But if you're needing more help, here's a few more tips: Don't ever complain about being a single-digit pants size; you are only allowed to be happy. Never ask someone if they are pregnant or when they are due, even if they look huge, unless they mention being pregnant. Never comment on a woman's size, regardless of pregnancy status, unless you have something positive to say ("You look fantastic!") that isn't followed by a qualifier (". . . for a fat old broad!"). Don't complain about money, health, etc. in public places or to people you don't know to be in a better situation than you are in. Someone else always has it worse. Always. If you're feeling really poopy about yourself, maybe go find that person.
And as for me? I have it pretty good in the end. Wanting to slap people or not. I'm just hoping that a little slap now and then will keep all of us from offending that person we forget about that has it worse than we do.
1 comment:
Amy, I feel ya on this one! One week after Ava died I decided to be brave and go to a church activity where all the women there were complaining about their children, and how they were crazy little hellians, and they just needed a break.

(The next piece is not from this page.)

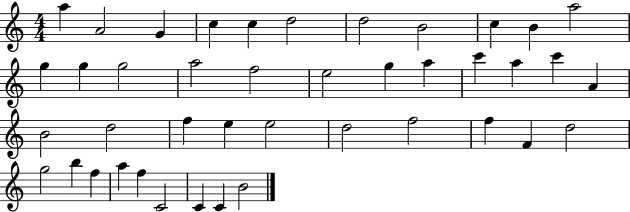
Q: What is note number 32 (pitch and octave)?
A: F4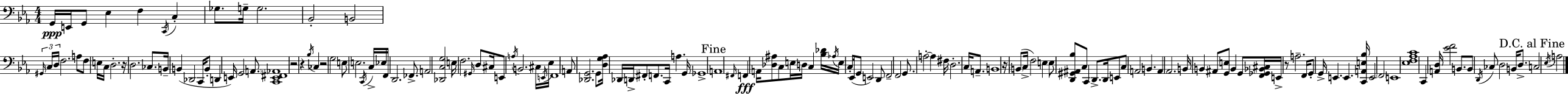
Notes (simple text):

G2/s E2/s G2/e Eb3/q F3/q C2/s C3/q Gb3/e. G3/s G3/h. Bb2/h B2/h G#2/s C3/s D3/s F3/h. A3/e F3/e E3/s C3/s D3/h. R/s D3/h. CES3/e. B2/s B2/q Db2/h C2/s B2/e D2/q E2/s G2/h A2/e. [C2,E2,F#2,Ab2]/w R/h R/q Bb3/s CES3/q R/h G3/h E3/e E3/h. C2/s C3/s Eb3/s F2/s D2/h. FES2/e. A2/h [Db2,C3,G3]/h E3/s F3/h. G#2/s D3/e C#3/s E2/e A3/s B2/h. C#3/s E2/s Eb3/s F2/w A2/e [Db2,G2]/h. G2/e [D3,G3,Ab3]/s Db2/s D2/s F#2/e F2/e. C2/s A3/q. G2/s Gb2/w A2/w F#2/s F2/q A2/s [Db3,A#3]/e C3/e E3/s D3/s C3/q [Bb3,Db4]/s Ab3/s E3/s C3/e Eb2/s G2/e E2/h D2/e F2/h F2/h G2/e. A3/h A3/q F#3/s D3/h. C3/s A2/e. B2/w R/s B2/e C3/s F3/h E3/q E3/e [D2,G#2,A#2,Bb3]/e C3/e C2/q D2/e. D2/s E2/e C3/e A2/h B2/q. A2/q Ab2/h. B2/s B2/q A#2/e [G2,E3]/e B2/q G2/e [F2,Gb2,Bb2,C#3]/s E2/s R/e A3/h. F2/s G2/e G2/s E2/q. E2/q. [C2,A2,E3,Bb3]/s E2/h F2/h E2/w [Eb3,F3,Ab3,C4]/w C2/q [A2,D3]/s [Eb4,F4]/h B2/e. B2/e D2/s CES3/e D3/h B2/s D3/e. C3/h Eb3/s A3/h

I didnt have a lot of sympathy to offer with the fresh memory of putting my sweet baby in a tiny pink coffin.
Comments of how long Wade and i have been married without having any kids, or ask if I am infertile, etc--I really try to have patience with them, but sometimes it really strikes a painful chord and I bawl. and bawl.
But then I am okay again, and grateful that I get to see this side of life; grateful that I can understand what people are feeling in crisis situations, when loved ones are lost, when life doesnt turn out the way we had hoped.
I read all your other blogs today, and it sounds like this pregnancy is developing well. I cry for you and your loss; I pray for your family. Best wishes to you, and keep blogging; I think you are a smart, funny and strong woman.